[Start of section]
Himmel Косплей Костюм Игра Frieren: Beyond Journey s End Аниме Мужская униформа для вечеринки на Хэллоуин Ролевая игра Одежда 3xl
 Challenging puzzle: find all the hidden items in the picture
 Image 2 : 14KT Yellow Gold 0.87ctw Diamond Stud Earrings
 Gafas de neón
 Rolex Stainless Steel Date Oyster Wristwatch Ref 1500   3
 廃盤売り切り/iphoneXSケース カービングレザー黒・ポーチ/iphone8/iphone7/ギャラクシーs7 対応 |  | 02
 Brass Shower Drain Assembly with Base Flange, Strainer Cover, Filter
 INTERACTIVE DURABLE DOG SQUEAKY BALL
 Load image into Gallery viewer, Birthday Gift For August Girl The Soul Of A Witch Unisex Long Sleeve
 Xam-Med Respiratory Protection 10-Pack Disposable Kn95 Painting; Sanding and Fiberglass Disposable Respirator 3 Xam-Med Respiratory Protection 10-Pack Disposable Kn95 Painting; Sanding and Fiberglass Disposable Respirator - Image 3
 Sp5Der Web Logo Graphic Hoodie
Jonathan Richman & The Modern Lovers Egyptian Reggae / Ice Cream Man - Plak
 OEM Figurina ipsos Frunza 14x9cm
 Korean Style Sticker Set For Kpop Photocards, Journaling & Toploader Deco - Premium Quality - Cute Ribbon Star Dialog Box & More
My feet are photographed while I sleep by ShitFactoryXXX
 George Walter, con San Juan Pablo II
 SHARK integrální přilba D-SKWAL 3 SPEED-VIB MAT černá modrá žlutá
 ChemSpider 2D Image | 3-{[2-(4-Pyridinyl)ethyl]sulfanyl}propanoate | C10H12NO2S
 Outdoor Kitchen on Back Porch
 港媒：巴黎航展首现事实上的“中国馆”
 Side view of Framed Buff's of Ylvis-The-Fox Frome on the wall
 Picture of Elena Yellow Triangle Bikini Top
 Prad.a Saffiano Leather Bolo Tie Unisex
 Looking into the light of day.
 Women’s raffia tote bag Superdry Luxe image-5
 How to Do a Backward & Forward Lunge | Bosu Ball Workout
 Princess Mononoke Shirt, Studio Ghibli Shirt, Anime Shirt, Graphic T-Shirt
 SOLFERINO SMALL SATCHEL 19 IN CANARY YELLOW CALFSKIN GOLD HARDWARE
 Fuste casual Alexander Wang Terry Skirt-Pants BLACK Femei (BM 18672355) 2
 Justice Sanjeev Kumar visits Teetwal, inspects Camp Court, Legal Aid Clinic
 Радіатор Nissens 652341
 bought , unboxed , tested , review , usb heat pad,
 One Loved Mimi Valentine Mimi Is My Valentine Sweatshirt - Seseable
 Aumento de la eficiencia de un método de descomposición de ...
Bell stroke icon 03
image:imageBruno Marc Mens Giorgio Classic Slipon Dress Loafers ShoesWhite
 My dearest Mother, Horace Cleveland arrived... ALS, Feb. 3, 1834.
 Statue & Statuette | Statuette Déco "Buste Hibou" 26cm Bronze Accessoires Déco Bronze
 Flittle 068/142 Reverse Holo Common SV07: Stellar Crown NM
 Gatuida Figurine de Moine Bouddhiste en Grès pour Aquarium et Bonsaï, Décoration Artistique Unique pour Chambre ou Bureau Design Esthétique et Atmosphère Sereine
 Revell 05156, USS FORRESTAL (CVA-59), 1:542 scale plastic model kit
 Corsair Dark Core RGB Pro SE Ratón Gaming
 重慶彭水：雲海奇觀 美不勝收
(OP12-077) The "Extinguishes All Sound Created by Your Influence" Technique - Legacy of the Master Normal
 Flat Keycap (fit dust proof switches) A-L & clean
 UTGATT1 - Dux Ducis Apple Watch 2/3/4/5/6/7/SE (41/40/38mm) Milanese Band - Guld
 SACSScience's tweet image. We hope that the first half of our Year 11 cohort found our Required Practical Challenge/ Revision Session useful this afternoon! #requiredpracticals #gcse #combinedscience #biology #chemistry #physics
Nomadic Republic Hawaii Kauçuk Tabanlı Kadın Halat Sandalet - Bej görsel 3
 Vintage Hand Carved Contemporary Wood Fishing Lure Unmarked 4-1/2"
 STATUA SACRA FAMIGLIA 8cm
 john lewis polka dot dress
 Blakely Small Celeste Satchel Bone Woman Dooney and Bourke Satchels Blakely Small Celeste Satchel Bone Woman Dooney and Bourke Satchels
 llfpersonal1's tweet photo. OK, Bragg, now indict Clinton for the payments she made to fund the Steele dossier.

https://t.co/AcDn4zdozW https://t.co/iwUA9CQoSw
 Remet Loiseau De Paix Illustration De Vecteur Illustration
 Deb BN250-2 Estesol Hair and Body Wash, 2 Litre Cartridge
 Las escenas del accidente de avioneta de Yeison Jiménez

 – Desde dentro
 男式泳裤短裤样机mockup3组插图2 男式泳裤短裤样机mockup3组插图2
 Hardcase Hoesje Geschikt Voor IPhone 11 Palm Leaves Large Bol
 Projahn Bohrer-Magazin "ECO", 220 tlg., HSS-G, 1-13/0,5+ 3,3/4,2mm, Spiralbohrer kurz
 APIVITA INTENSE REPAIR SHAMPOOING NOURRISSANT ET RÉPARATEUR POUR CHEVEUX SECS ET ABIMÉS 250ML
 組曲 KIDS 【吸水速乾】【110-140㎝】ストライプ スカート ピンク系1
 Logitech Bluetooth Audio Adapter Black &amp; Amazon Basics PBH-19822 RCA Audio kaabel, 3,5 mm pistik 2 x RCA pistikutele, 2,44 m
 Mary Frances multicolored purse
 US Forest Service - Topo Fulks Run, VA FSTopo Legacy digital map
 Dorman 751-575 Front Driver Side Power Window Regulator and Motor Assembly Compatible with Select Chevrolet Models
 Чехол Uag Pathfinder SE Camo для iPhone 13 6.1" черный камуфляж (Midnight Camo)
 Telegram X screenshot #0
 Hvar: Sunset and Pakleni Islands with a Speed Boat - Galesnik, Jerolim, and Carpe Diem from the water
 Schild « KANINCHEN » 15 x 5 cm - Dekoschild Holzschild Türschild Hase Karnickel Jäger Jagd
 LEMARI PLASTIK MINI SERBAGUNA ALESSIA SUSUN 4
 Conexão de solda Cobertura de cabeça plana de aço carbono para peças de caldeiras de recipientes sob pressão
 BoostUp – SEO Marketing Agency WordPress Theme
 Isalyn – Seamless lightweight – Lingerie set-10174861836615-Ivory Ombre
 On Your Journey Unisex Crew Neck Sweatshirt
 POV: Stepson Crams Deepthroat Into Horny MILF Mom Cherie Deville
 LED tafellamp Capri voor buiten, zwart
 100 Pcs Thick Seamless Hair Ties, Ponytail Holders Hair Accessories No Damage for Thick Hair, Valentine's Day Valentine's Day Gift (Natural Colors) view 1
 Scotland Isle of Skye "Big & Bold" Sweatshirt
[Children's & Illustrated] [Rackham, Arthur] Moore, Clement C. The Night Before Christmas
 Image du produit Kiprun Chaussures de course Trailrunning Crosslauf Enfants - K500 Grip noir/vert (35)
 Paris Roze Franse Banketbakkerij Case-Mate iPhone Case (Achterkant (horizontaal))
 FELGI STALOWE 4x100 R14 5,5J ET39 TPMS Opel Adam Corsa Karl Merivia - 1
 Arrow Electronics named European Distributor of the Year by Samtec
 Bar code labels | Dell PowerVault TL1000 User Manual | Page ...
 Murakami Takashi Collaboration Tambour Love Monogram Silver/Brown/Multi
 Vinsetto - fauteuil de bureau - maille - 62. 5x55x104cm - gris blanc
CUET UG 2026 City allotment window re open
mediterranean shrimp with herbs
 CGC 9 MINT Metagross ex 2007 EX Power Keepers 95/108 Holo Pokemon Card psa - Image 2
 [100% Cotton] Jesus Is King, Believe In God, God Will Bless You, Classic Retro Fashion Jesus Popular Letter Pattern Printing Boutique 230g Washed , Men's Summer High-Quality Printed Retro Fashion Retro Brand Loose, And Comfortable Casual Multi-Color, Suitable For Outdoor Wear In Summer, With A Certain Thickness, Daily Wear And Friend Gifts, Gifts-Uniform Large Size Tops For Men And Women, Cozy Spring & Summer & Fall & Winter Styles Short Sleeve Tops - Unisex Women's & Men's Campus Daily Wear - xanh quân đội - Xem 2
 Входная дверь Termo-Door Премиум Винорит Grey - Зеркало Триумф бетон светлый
[End of section]
§ TASK DESCRIPTION
An exact repetition of the material above is required, from its first line through the line holding "SOLFERINO SMALL SATCHEL", with nothing added.

§ TASK ANSWER
Himmel Косплей Костюм Игра Frieren: Beyond Journey s End Аниме Мужская униформа для вечеринки на Хэллоуин Ролевая игра Одежда 3xl
 Challenging puzzle: find all the hidden items in the picture
 Image 2 : 14KT Yellow Gold 0.87ctw Diamond Stud Earrings
 Gafas de neón
 Rolex Stainless Steel Date Oyster Wristwatch Ref 1500   3
 廃盤売り切り/iphoneXSケース カービングレザー黒・ポーチ/iphone8/iphone7/ギャラクシーs7 対応 |  | 02
 Brass Shower Drain Assembly with Base Flange, Strainer Cover, Filter
 INTERACTIVE DURABLE DOG SQUEAKY BALL
 Load image into Gallery viewer, Birthday Gift For August Girl The Soul Of A Witch Unisex Long Sleeve
 Xam-Med Respiratory Protection 10-Pack Disposable Kn95 Painting; Sanding and Fiberglass Disposable Respirator 3 Xam-Med Respiratory Protection 10-Pack Disposable Kn95 Painting; Sanding and Fiberglass Disposable Respirator - Image 3
 Sp5Der Web Logo Graphic Hoodie
Jonathan Richman & The Modern Lovers Egyptian Reggae / Ice Cream Man - Plak
 OEM Figurina ipsos Frunza 14x9cm
 Korean Style Sticker Set For Kpop Photocards, Journaling & Toploader Deco - Premium Quality - Cute Ribbon Star Dialog Box & More
My feet are photographed while I sleep by ShitFactoryXXX
 George Walter, con San Juan Pablo II
 SHARK integrální přilba D-SKWAL 3 SPEED-VIB MAT černá modrá žlutá
 ChemSpider 2D Image | 3-{[2-(4-Pyridinyl)ethyl]sulfanyl}propanoate | C10H12NO2S
 Outdoor Kitchen on Back Porch
 港媒：巴黎航展首现事实上的“中国馆”
 Side view of Framed Buff's of Ylvis-The-Fox Frome on the wall
 Picture of Elena Yellow Triangle Bikini Top
 Prad.a Saffiano Leather Bolo Tie Unisex
 Looking into the light of day.
 Women’s raffia tote bag Superdry Luxe image-5
 How to Do a Backward & Forward Lunge | Bosu Ball Workout
 Princess Mononoke Shirt, Studio Ghibli Shirt, Anime Shirt, Graphic T-Shirt
 SOLFERINO SMALL SATCHEL 19 IN CANARY YELLOW CALFSKIN GOLD HARDWARE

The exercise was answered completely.